La religión fuera de la escuela
Todas las religiones, incluida la católica, deben ocupar el lugar que les corresponde en democracia: la sociedad civil, no la escuela; que debe quedar libre de cualquier proselitismo religioso. El espacio adecuado para cultivar la fe en una sociedad en la que hay libertad religiosa son los lugares de culto: parroquias, mezquitas, sinagogas u otros.

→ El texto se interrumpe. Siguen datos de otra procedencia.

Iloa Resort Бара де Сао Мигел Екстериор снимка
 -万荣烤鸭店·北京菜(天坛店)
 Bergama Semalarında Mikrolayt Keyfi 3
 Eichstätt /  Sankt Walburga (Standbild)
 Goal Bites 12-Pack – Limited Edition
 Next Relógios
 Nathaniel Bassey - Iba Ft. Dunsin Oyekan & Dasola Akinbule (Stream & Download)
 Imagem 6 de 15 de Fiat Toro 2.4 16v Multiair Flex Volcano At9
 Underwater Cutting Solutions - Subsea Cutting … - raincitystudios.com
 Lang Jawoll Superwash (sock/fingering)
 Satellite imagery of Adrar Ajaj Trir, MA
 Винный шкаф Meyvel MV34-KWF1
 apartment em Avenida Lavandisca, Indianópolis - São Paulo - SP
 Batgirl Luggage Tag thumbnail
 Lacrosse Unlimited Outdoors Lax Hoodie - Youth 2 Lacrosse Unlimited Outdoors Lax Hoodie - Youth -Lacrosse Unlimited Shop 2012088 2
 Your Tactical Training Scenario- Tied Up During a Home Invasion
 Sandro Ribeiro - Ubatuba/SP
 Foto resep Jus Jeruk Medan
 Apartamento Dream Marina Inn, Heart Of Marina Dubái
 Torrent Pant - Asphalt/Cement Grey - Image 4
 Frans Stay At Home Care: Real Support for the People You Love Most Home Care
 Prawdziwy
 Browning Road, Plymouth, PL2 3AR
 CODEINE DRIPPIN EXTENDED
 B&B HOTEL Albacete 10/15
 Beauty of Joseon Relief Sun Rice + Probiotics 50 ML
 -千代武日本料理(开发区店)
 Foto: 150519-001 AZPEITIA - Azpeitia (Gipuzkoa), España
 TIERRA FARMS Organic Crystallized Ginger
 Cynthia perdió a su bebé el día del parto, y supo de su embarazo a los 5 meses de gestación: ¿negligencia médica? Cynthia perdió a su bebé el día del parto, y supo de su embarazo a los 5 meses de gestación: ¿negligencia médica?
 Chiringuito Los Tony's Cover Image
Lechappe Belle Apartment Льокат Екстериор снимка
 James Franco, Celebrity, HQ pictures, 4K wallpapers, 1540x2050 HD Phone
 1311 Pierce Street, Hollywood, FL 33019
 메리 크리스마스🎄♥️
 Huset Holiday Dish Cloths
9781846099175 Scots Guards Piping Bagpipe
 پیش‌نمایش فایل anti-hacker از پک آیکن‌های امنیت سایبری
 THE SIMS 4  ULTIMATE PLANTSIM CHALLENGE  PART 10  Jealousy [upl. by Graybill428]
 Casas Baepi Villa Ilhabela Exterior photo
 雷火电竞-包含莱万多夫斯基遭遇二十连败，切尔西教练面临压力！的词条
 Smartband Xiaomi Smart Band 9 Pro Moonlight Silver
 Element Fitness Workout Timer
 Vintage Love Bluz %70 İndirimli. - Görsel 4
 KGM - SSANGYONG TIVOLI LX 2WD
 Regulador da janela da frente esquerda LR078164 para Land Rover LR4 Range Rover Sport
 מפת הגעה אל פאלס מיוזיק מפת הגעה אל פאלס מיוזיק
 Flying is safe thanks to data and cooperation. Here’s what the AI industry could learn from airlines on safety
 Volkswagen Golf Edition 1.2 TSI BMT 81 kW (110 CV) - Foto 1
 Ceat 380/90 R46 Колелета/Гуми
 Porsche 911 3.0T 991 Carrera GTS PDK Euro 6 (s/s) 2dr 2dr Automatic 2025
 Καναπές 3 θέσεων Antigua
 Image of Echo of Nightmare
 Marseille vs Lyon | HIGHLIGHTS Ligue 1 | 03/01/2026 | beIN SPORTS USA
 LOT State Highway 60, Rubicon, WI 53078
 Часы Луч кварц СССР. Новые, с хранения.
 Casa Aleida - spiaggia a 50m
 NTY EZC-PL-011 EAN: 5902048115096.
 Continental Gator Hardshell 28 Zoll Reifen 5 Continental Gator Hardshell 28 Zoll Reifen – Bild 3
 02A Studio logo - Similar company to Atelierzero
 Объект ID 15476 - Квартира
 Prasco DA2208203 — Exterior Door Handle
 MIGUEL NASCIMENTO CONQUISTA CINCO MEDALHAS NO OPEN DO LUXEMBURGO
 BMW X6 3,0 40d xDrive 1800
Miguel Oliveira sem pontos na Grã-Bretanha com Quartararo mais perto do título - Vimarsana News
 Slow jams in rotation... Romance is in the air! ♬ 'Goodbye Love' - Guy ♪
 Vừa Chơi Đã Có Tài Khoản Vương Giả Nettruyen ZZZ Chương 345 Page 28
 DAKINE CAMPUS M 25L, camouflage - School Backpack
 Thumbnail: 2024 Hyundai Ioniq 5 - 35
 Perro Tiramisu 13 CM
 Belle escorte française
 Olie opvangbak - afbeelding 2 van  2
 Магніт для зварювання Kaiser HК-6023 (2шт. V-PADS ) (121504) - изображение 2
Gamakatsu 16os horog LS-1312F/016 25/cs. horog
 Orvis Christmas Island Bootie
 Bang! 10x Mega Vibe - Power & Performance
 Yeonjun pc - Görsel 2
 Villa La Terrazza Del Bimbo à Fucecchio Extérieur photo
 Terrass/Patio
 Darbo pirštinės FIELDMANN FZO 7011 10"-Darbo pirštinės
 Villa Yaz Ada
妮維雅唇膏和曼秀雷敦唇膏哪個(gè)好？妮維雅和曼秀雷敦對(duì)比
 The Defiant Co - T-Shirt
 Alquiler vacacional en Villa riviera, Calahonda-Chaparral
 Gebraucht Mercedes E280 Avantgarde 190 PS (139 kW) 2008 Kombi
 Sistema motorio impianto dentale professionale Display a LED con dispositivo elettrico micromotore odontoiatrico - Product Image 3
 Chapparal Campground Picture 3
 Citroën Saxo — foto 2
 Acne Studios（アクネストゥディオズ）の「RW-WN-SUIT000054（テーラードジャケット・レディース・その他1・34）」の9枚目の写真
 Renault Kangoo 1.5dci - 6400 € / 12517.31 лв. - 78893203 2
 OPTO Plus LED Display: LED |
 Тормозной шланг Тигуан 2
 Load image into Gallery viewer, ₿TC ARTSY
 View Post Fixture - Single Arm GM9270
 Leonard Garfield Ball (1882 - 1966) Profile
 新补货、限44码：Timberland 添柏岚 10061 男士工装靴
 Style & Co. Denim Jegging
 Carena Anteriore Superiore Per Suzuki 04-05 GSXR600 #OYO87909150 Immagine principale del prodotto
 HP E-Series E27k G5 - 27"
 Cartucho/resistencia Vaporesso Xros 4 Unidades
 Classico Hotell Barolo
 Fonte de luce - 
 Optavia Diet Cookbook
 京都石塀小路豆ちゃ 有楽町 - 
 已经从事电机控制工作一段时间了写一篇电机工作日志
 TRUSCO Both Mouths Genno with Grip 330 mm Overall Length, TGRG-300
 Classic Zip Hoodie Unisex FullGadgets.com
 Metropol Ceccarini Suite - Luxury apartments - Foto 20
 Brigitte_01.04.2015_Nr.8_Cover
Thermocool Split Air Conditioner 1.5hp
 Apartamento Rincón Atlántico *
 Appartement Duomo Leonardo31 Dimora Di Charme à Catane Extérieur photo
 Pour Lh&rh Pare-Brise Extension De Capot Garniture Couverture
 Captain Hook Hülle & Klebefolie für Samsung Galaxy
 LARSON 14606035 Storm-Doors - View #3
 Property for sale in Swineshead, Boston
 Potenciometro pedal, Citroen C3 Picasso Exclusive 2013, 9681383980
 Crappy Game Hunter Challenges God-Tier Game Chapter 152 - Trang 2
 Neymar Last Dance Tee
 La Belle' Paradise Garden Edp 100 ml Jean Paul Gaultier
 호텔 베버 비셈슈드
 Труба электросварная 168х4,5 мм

La Escuela ha de ser laica para ser de todos y todas, para que en ella todas las personas nos reconozcamos, al margen de cuáles sean nuestras creencias, que son un asunto privado. Por eso, la religión no debe formar parte del currículo. No por motivos antirreligiosos, sino desde un planteamiento pedagógico y social beneficioso para el desarrollo de la racionalidad del menor de edad, de su independencia y autonomía personal, para la que debe ser educado libremente sin que le enseñen creencias que predispongan su mente a comportamientos o dogmas que condicionen su personalidad desde la infancia.
Además, la religión ya se explica e imparte en la mayor parte de las materias que se estudian a lo largo de la escolaridad (la católica en España y Latinoamérica, la judía en su zona de influencia, igual que la musulmana o la budista). En el currículum español, por ejemplo, se referencia y se explica la religión católica para analizar el estilo arquitectónico de un templo, para explicar el Camino de Santiago medieval o un cuadro de Velázquez o una partitura de Bach, para adentrarse en la literatura del siglo de oro o el origen de la lengua castellana y, sobre todo, para comprender la mayor parte de la historia de este país.
La religión católica actualmente tiene una carga horaria superior a la de contenidos tan importantes como la educación física o la educación artística. Es más, las clases de religión restan muchísimas horas lectivas a las demás asignaturas, que sí son importantes y acordadas por toda la comunidad educativa y social.
En un Estado aconfesional como el que hemos adoptado en la Constitución española, con libertad de culto, se debería impulsar y fortalecer una escuela laica, como instrumento plural, defensor de los derechos humanos y libertades. En todo caso el art. 27.3 de la Constitución española recoge el derecho de las familias a que sus hijas e hijos «reciban la formación religiosa y moral que esté de acuerdo con sus propias convicciones». Pero no a que esta formación sea impartida en los centros educativos, y menos financiada por el Estado.
Las familias que quieran que sus hijas e hijos reciban formación de religiosa son muy libres de hacerlo, pero evidentemente al margen del sistema educativo. Para eso están las parroquias, las mezquitas y los espacios de las diferentes religiones donde pueden recibir esa formación religiosa y moral y practicarla.
En definitiva, la Escuela debe superar esta forma de adoctrinamiento y ser el lugar para educar en conocimientos científicos universales, en valores cívicos y universales. Cada religión, que es una creencia entre otras muchas, debe difundirse en todo caso en el ámbito privado de la familia y los lugares de culto. Necesitamos una escuela laica, donde se sientan cómodos tanto las personas no creyentes como las creyentes. Por eso debemos negarnos a que con el dinero público se financie ningún tipo de adoctrinamiento religioso. La escuela un lugar para razonar y no para creer.
Enrique Javier Díez Gutiérrez es profesor de la Facultad de Educación de la Universidad de León.